When you do re.search(r'\bfoo\b',str), that eventually becomes a set of rules for pac-man to follow, roughly like:

1. Start at the beginning.
2. Ignore things until you find a misc:word_boundary.
3. Eat the misc:word_boundary and remember your current position as $N.
4. Try to eat a letter:'f'. If you can't, spit everything up, travel to $N+1, and go to rule #2.
5. Try to eat a letter:'o'. If you can't, spit everything up, travel to $N+1, and go to rule #2.
6. Try to eat a letter:'o'. If you can't, spit everything up, travel to $N+1, and go to rule #2.
7. Try to eat a misc:'word_boundary'. If you can't, spit everything up, travel to $N+1, and go to rule #2.
8. Tell me what's in your stomach now.

Obviously there's a lot more complexity you can layer on there, such as with loops (+*?) and shorthand (like \w for "a or b or c or ...") or how it selectively ignores some tokens, but hopefully the basic style is revealed.

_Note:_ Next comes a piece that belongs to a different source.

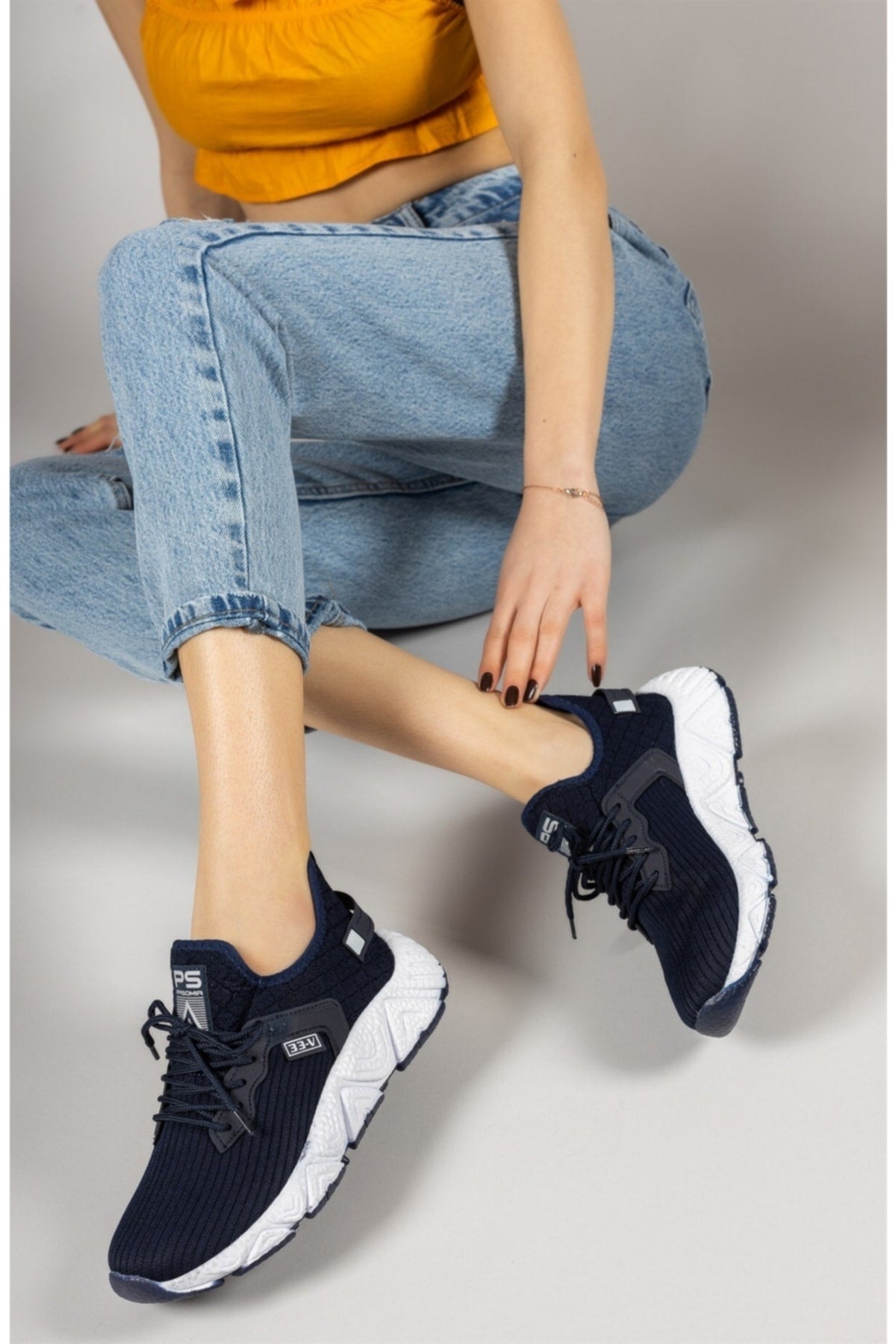 Navy blue white unisex sneaker 0012062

So... can I parse HTML/XML now?

Short answer? No. Pac-man only operates on lines of stuff, but XML is like a tree. Pac-man would have to stop at certain points and hire some pac-men to explore for him (with their own different set of rules) and report back. Those sub-contractors would have sub-sub-contractors of their own too...

Anyway, Pac-man's people-skills are stunted after living in an inescapable maze full of deadly ghosts and performance-enhancing drugs. You can't get very far in a Pac-Corp when all you can say is Wakka.